EXERCISE DETAILS: Make an exact copy of the lines from the one holding "Devil Returns To" through the end of the entries below, both ends kept, and of nothing else. Exclude pictures.

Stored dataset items
————————

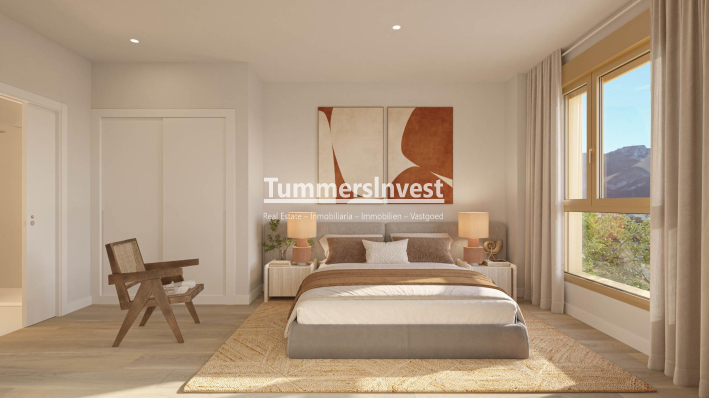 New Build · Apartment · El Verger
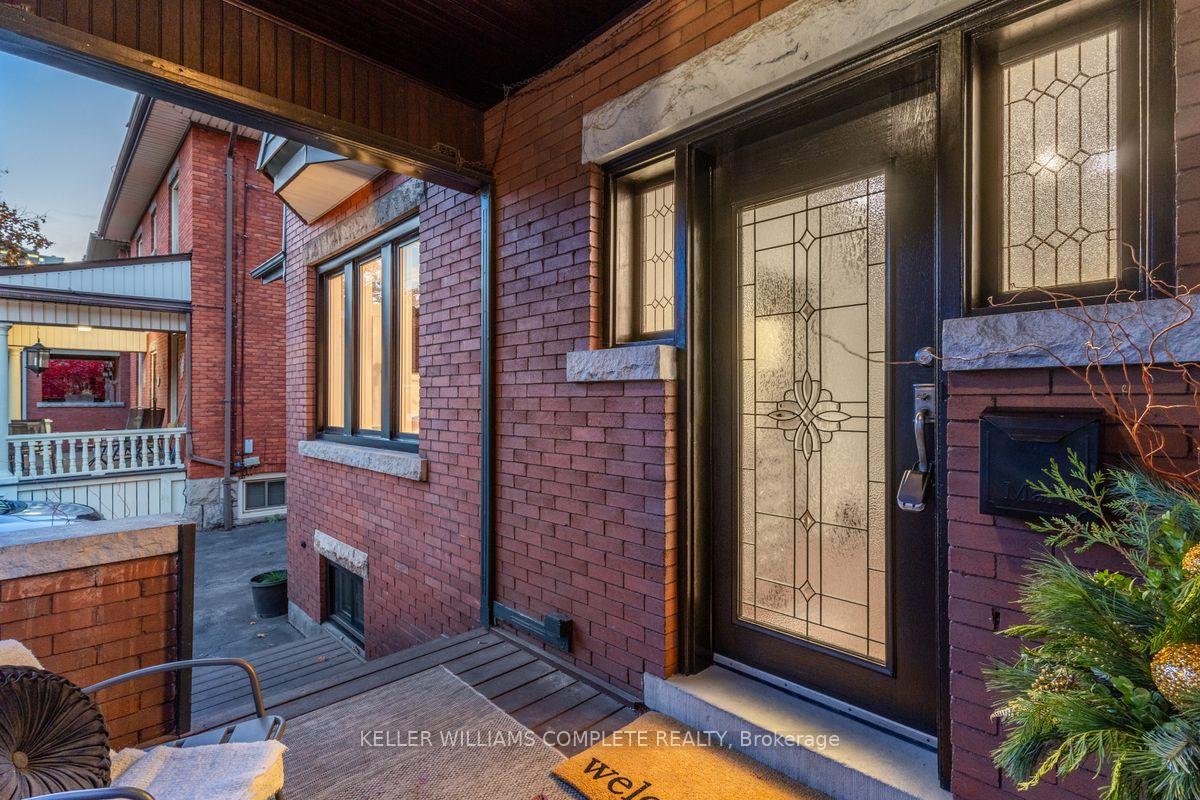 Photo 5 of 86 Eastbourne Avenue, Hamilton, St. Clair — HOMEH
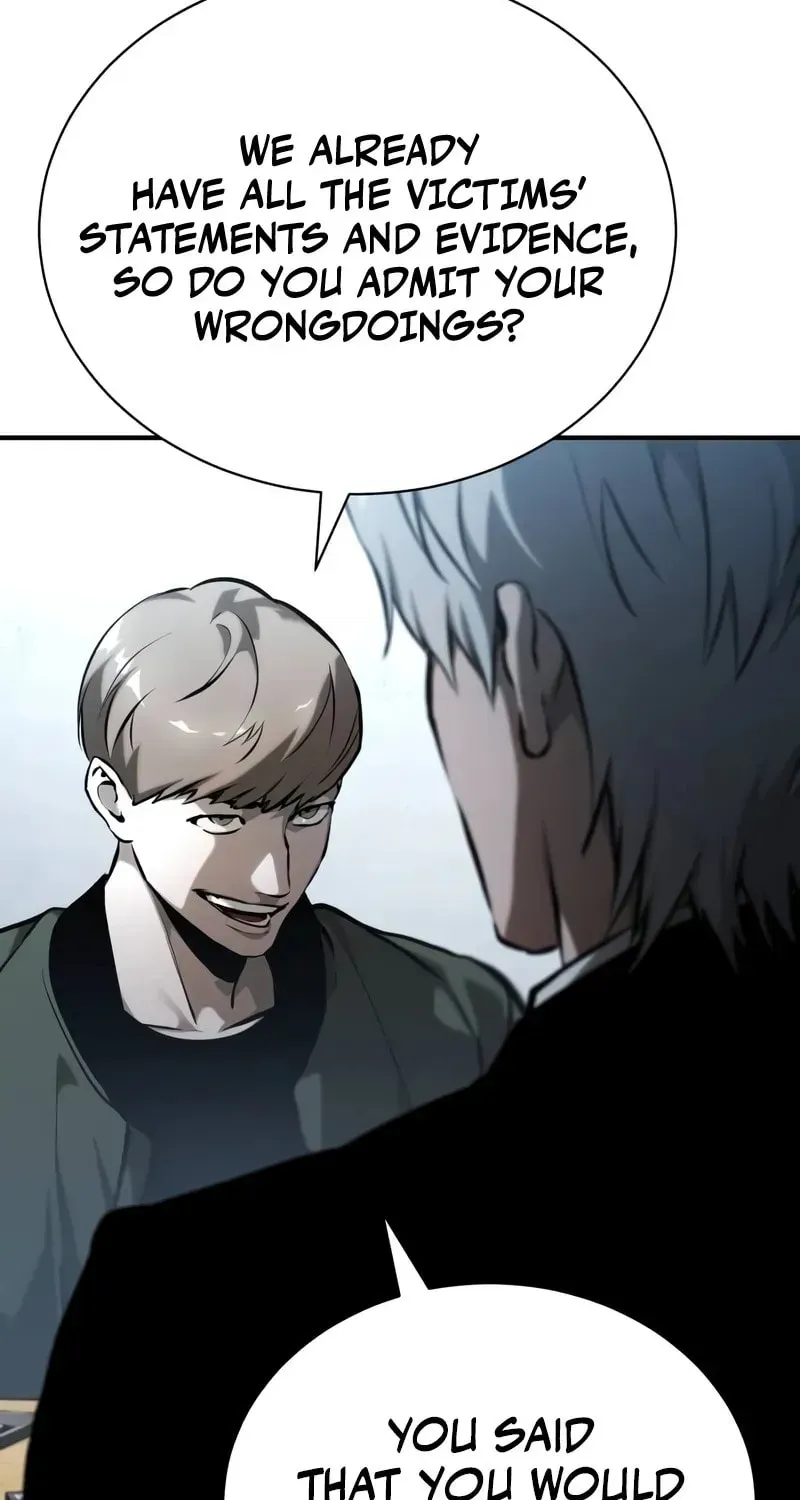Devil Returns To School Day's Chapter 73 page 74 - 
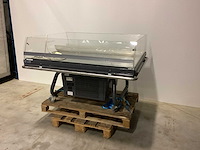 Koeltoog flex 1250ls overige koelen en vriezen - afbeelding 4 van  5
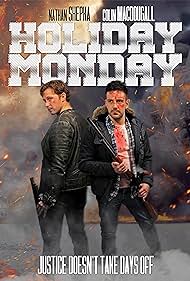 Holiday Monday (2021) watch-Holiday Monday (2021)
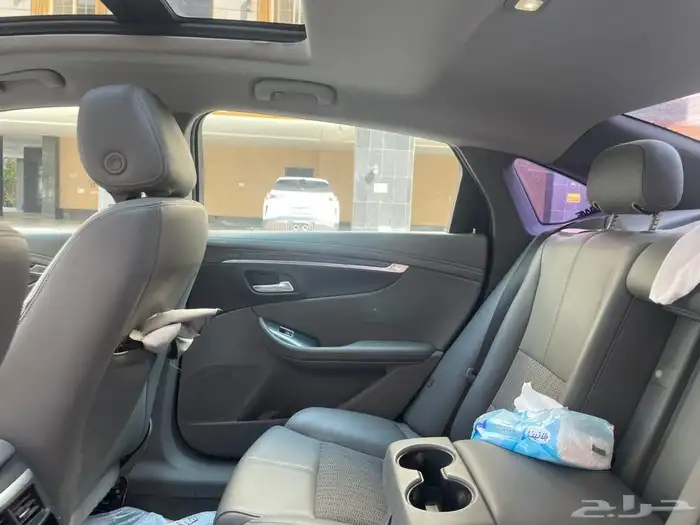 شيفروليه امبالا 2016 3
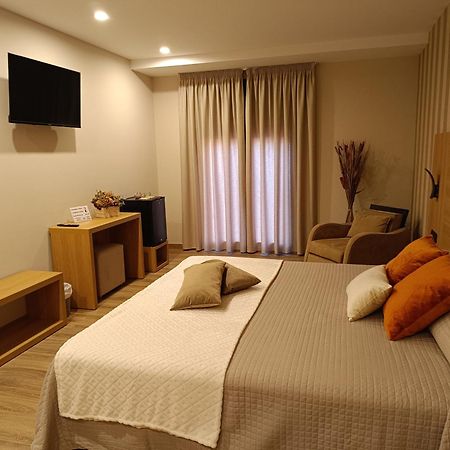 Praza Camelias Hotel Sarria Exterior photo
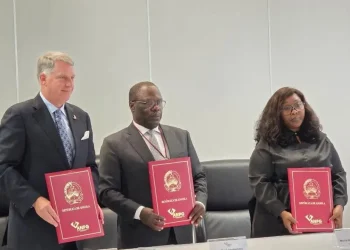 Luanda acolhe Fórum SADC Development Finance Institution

————————

SOLUTION FOR THIS TASK:
Devil Returns To School Day's Chapter 73 page 74 - 
 Koeltoog flex 1250ls overige koelen en vriezen - afbeelding 4 van  5
 Holiday Monday (2021) watch-Holiday Monday (2021)
 شيفروليه امبالا 2016 3
 Praza Camelias Hotel Sarria Exterior photo
 Luanda acolhe Fórum SADC Development Finance Institution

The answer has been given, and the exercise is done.